Shinn Estate Farmhouse Inn keepers Barbara Shinn and David Page...

Shinn Estate Farmhouse Inn keepers Barbara Shinn and David Page stand in the vineyard with their dog Panda on Tuesday, Aug. 9, 2016. Credit: Randee Daddona

Shinn Estate Vineyards, whose founders pioneered the art of pairing homemade, sustainably grown wines with local food at their four-bedroom vineyard inn, has been sold to a New Jersey financier and his wife for an undisclosed amount.

The Mattituck property, which had not been listed for sale, was purchased by Randy and Barbara Frankel, according to a Shinn email. Randy Frankel is a former Goldman Sachs partner who graduated from Hofstra University in 1979, according to an online biography. They have a home in Long Beach, New Jersey, where calls were not answered.

David Page, founder and former owner with his wife, Barbara Shinn, said a sale had “not been part of the plan,” but an unexpected offer changed that. “It came as a surprise to us someone would walk through the door and make us an offer,” he said. He declined to discuss terms of the sale or the new owners.

The new owners are “certain to bring new energy and passion to the Estate,” the former owners wrote in the email. “We will advise and consult the new owners for the foreseeable future.”

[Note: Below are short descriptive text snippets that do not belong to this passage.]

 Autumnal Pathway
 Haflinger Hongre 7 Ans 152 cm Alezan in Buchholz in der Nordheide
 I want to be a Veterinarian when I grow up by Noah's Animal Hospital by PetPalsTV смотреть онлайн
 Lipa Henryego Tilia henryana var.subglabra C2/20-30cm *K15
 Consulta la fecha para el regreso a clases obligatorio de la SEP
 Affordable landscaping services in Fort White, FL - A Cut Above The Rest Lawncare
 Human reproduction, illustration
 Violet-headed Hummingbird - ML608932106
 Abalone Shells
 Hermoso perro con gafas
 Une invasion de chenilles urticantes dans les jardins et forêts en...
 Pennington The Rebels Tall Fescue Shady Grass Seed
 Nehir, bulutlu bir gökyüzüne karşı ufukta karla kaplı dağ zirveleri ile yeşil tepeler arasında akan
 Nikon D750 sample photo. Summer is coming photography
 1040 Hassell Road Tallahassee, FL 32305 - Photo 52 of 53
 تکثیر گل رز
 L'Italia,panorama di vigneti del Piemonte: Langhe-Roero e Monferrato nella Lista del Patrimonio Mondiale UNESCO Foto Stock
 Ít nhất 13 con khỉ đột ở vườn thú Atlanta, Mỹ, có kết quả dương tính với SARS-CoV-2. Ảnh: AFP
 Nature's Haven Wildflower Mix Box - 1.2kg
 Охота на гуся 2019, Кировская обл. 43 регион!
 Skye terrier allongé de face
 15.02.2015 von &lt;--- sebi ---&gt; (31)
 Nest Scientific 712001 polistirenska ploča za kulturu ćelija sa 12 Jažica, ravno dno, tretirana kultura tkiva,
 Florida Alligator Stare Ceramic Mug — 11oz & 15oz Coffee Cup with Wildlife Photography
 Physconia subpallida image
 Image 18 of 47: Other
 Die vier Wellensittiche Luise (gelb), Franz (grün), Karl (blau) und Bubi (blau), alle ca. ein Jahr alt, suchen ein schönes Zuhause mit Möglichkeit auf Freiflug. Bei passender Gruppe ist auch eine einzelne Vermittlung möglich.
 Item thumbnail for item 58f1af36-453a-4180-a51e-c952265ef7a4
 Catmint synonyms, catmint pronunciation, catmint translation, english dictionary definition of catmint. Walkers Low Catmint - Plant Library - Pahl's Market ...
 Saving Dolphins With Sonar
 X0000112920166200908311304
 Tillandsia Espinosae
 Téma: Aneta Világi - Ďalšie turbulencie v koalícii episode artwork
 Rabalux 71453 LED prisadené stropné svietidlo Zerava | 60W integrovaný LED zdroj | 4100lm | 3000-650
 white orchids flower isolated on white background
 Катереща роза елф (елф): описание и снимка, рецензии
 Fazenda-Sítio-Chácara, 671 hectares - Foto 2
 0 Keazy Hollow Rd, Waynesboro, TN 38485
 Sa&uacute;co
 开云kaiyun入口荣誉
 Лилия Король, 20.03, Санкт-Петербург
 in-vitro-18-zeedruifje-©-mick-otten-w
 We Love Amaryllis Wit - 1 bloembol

Syma Joffe Gerard, an Eastport real estate broker who has dealt in farmland and vineyard properties for decades, said the sale of Shinn Estate marks a bright spot for a market that has slowed considerably in the past decade. Large properties like a Palmer Vineyard parcel in Cutchogue have been on the market for years, even as its price has been reduced. Two other vineyard properties recently sold, she said, in a way that marked the presence of vines as a negative.

“The people who are buying vineyards are not doing it to run a business,” she said. “They’re buying it to play with it.”

Shinn and Page had owned the former Tuthill family farm on Oregon Road in Mattituck since 1998. After planting the first grapes and preparing the vineyard themselves, they produced their first vintage in 2002 — just 450 cases. Last year they produced 6,000, using a long list of varietals.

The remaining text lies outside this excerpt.